Hello!
I am working on creating some stream rules, and I would like to include a colon in my match request. I’m trying to match bible citations, so I figured a rule like (matthew OR mark OR luke OR john) (1: OR 2: OR 3: etc.) would work because it would be very uncommon to see that pattern “John 3:” in anything beyond a biblical citation “John 3:16”
However, I’m running into an issue where whenever I include a colon that is not descriptive, I get a “missing EOF” error upon posting the rule to the API.
Does anyone have any thoughts here? Do I need to escape the colons somehow? Should I write the rule differently?
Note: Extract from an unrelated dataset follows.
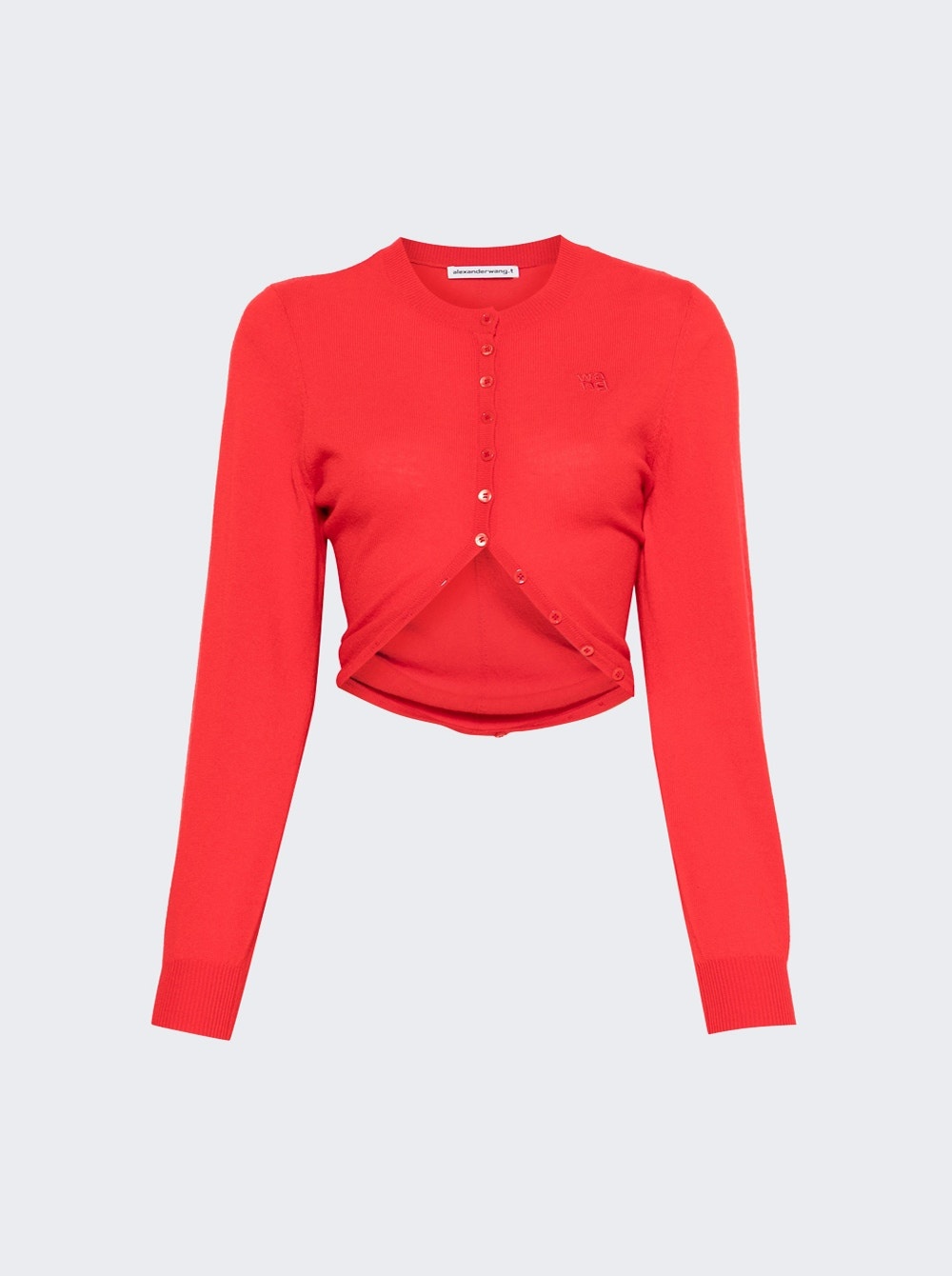 Cardigan With Split Hem Fiery Red - 1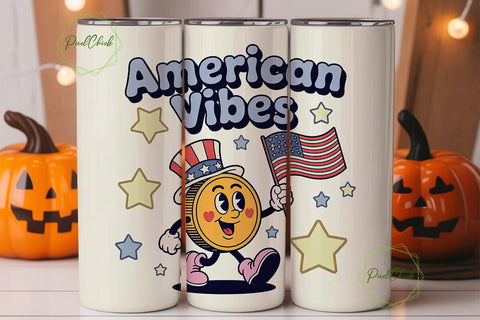 American Vibes 20oz Tumbler Wrap Sublimation PixelChick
Any help would be appreciated.
Thanks!
Colons are not indexed and not matched unfortunately. Search Tweets - How to build a query | Docs | Twitter Developer Platform The errors you’re seeing are probably something to do with escaping special characters but that’s a separate issue.
Best thing to do to match John 3:16 is probably to match the phrase:
(john "3 16")
The colon (
is used in Twitter’s stream filtering rules as a way to specify a value for a particular field. For example, if you want to filter a stream to only include tweets that contain the word “news,” you would use the following rule:
track:news
This rule tells the stream to only include tweets that have the word “news” in them. You can use multiple fields in a stream filter rule, separated by commas. For example, the following rule would filter the stream to only include tweets that are in English and contain the word “politics”:
language:en,track:politics
There are many different fields that you can use in stream filter rules, including language, track, location, and follow. You can find more information about these fields and how to use them in the Twitter API documentation.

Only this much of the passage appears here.